Home  /  Resources & support  /  FAQs  /  Estimating correlations with survey data
Note: This FAQ is for users of Stata 11. It is not relevant for more recent versions.

The following discussion was extracted from a question and response that was posted on Statalist.

How can I estimate correlations and their level of significance with survey data?

Title   Estimating correlations with survey data
Author Bill Sribney, StataCorp

There are two options:

(1) use correlate with aweights for point estimates of the correlation.

(2) use svy: regress for p-values. Do svy: regress y x and svy: regress x y and take the biggest p-value, which is the conservative thing to do.

Consider a fixed finite population of N elements from which the sample was drawn. The population (i.e., true) value of Pearson’s correlation coefficient rho for two variables X and Y is

                      N         _         _
                     Sum (Y_i - Y)*(X_i - X)
                     i=1
   
        rho = -------------------------------------------
   
                 N         _         N         _
              {[Sum (Y_i - Y)^2] * [Sum (X_i - X)^2]}^1/2
                i=1                 i=1

where the sums are over all elements of the population.

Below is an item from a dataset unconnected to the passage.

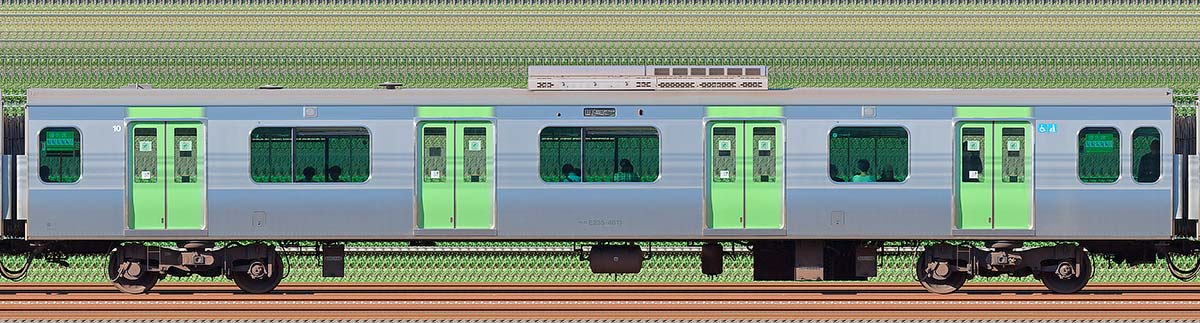 JR東日本E235系サハE235-4611海側（東京駅基準）の側面写真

From my viewpoint, rho is a fixed population parameter that one estimates based on a sample.

Now, rho measures the linear association of X and Y. The beta coefficient from a linear regression of Y on X (or X on Y) for the entire population yields an equivalent parameter (i.e., if one knows the population standard deviations of X and Y, one can derive the linear regression slope parameter from the correlation parameter and vice versa). The null hypotheses rho = 0 and beta = 0 are equivalent. Here I am talking about population parameters, i.e., the true values of the parameters.

A mechanical equivalence also exists for the standard estimates computed from a simple random sample. One can derive the estimate of the regression slope coefficient from the estimate of the correlation coefficient and vice versa (again, assuming one has the standard deviations).

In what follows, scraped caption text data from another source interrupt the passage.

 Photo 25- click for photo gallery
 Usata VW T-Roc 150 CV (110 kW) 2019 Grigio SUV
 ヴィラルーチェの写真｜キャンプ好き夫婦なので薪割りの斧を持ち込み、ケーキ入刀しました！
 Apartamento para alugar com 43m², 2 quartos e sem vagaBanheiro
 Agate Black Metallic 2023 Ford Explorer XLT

Furthermore, the p-value from a linear regression of Y on X (or X on Y) is the same as a p-value for Pearson’s correlation coefficient for a simple random sample under the assumption of normality of the population.

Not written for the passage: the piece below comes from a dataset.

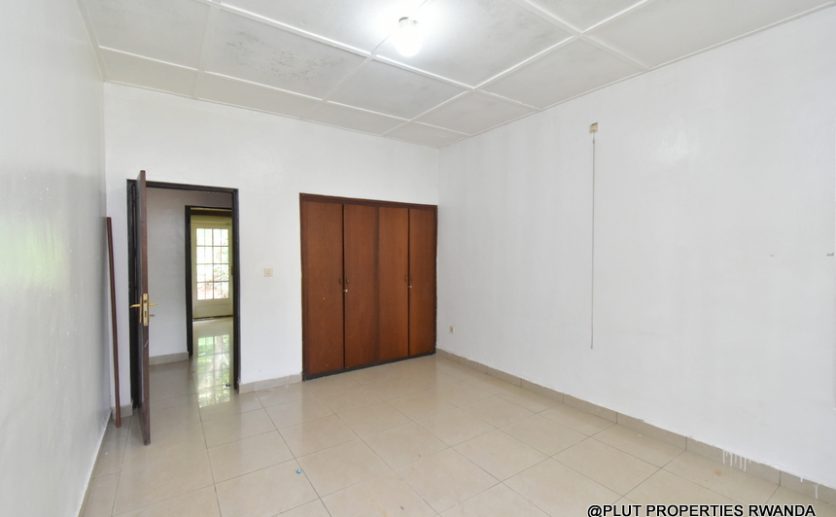 House for rent in Kiyovu plut propeeties (1)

Now, consider a complex survey sample.

As I wrote above, the population (i.e., true) value of Pearson’s correlation coefficient is

                      N         _         _
                     Sum (Y_i - Y)*(X_i - X)
                     i=1
   
        rho = -------------------------------------------
   
                 N         _         N         _
              {[Sum (Y_i - Y)^2] * [Sum (X_i - X)^2]}^1/2
                i=1                 i=1

where the sums are over all persons in the population.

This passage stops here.